About the Open XML SDK for Office

Open XML is an open standard for word-processing documents, presentations, and spreadsheets that can be freely implemented by multiple applications on different platforms. Open XML is designed to faithfully represent existing word-processing documents, presentations, and spreadsheets that are encoded in binary formats defined by Microsoft Office applications. The reason for Open XML is simple: billions of documents now exist but, unfortunately, the information in those documents is tightly coupled with the programs that created them. The purpose of the Open XML standard is to de-couple documents created by Microsoft Office applications so that they can be manipulated by other applications independent of proprietary formats and without the loss of data.

Note

Interested in developing solutions that extend the Office experience across multiple platforms?
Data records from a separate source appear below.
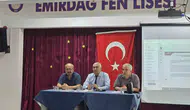 Emirdağ'da eğitimde yeni dönem için kritik buluşma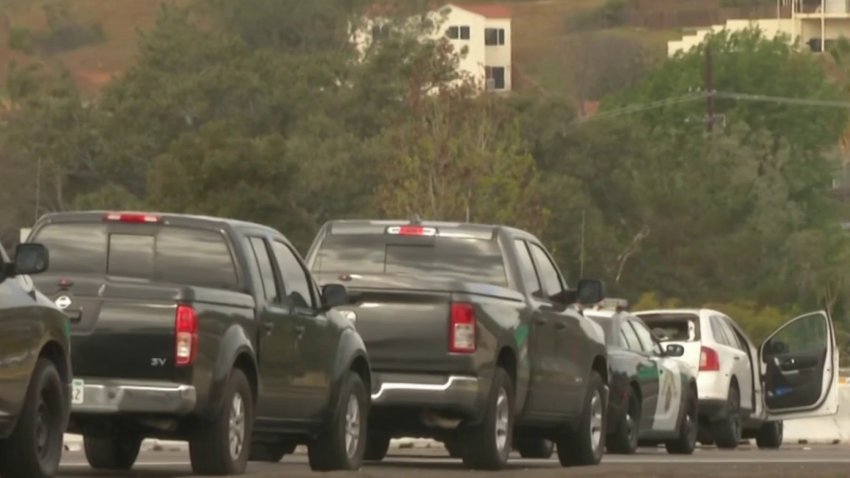 Woman Shot While Driving on SR-94 in Spring Valley, Freeway Reopens: CHP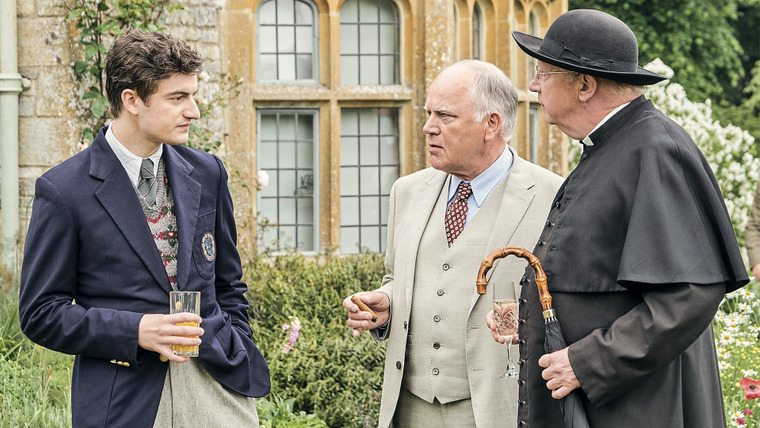 Father Brown — s09e06 — The New Order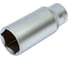 Головка торцевая глубокая 3/8 DR, 21 мм THORVIK 054264 S12S2121 3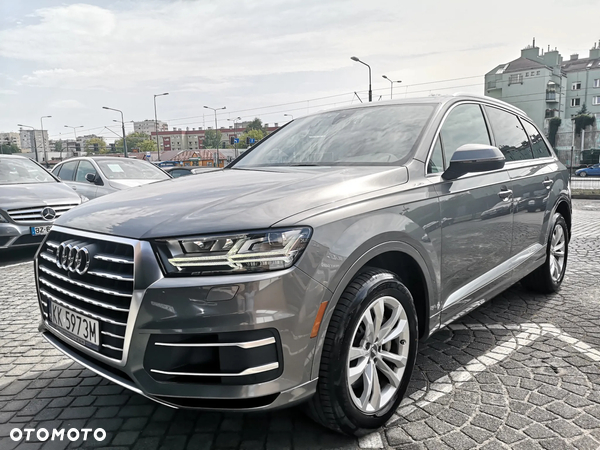 Audi Q7 3.0 TFSI Quattro Tiptronic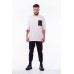 Футболка Oversize з кишенею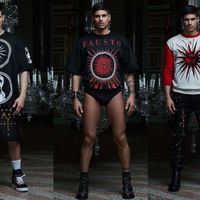 Gladiador punk, de Fausto Puglisi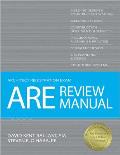 ARE Review Manual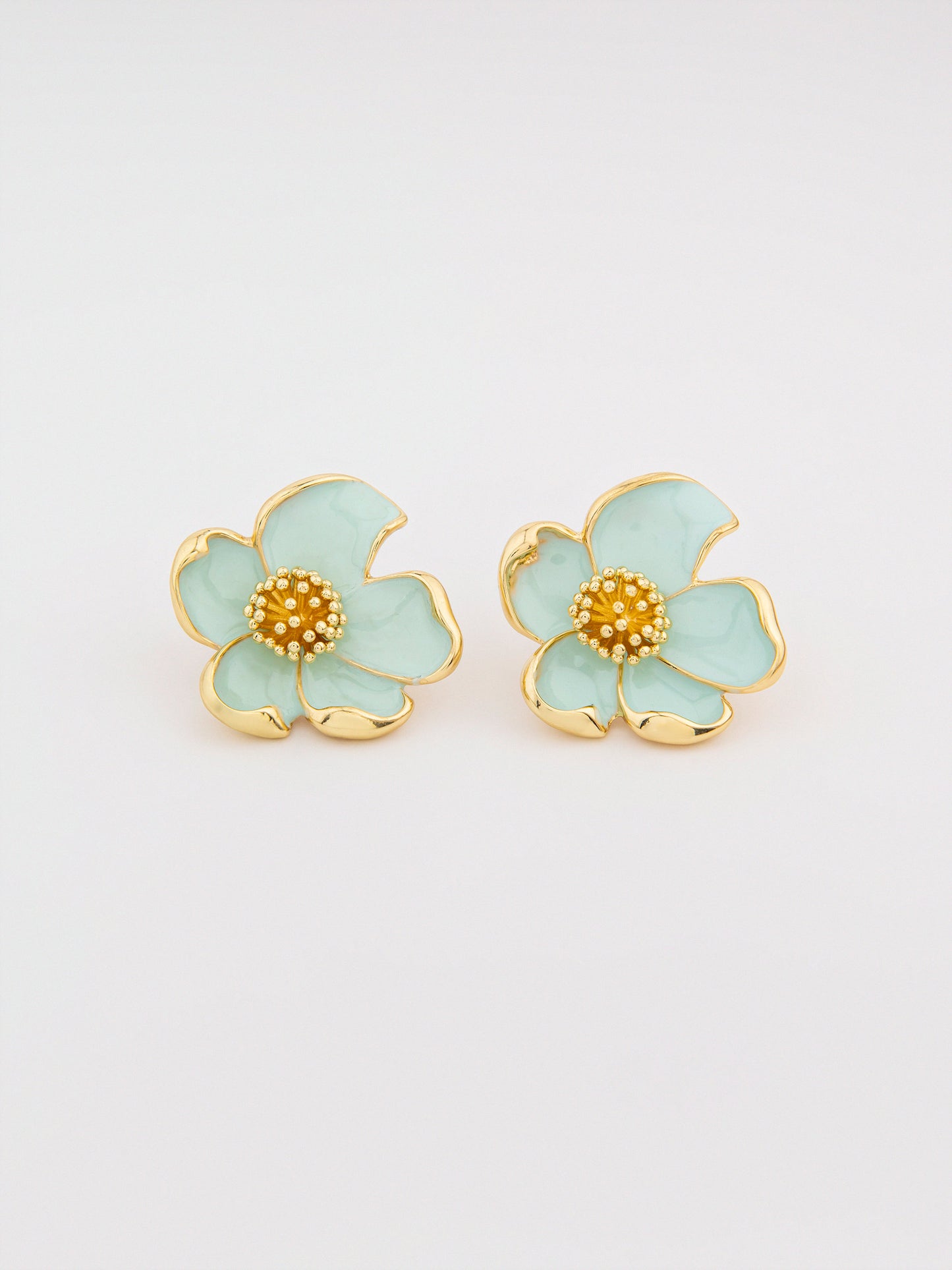 Floral Earrings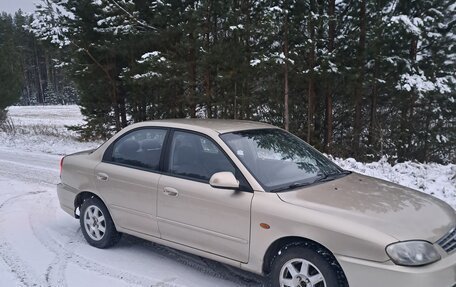 KIA Spectra II (LD), 2007 год, 319 000 рублей, 11 фотография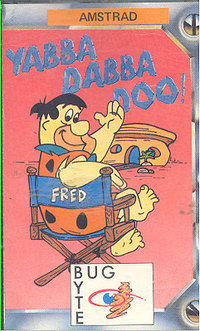 Yabba Dabba Doo!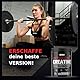 Weider Micronized Creatine Monohydrate Powder (310g) geschmacksneutral. 99% Kreatin Monohydrat 200 Mesh Ultrafein mit AstraGin, ohne Zucker, vegan, erhöht die körperliche Leistung (90 Portionen)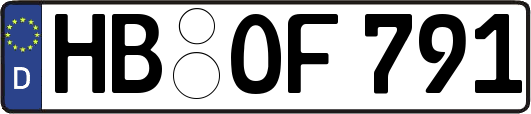 HB-OF791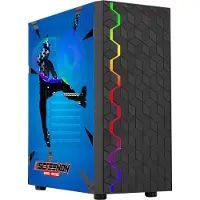 Screenon - Game PC Fortnite Edition - AMD Ryzen 5 - 512GB SSD - Radeon RX 550 - GamePC.X103154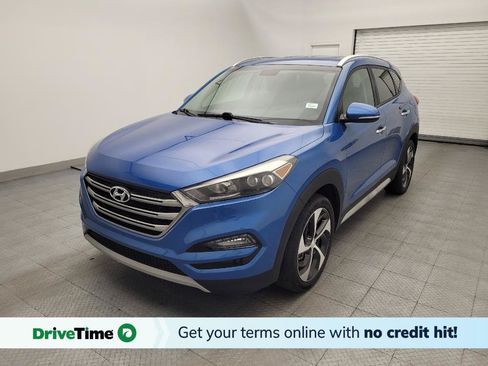 Used 2018 Hyundai Tucson Limited FWD image 1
Check out the new Office Add-ins model. Office Add-ins have a small footprint compared to VSTO Add-ins and solutions, and you can build them by using almost any web programming technology, such as HTML5, JavaScript, CSS3, and XML.

Structure of an Open XML Package

An Open XML file is stored in a ZIP archive for packaging and compression. You can view the structure of any Open XML file using a ZIP viewer. An Open XML document is built of multiple document parts. The relationships between the parts are themselves stored in document parts. The ZIP format supports random access to each part. For example, an application can move a slide from one presentation to another presentation without parsing the slide content. Likewise, an application can strip all of the comments out of a word processing document without parsing any of its contents.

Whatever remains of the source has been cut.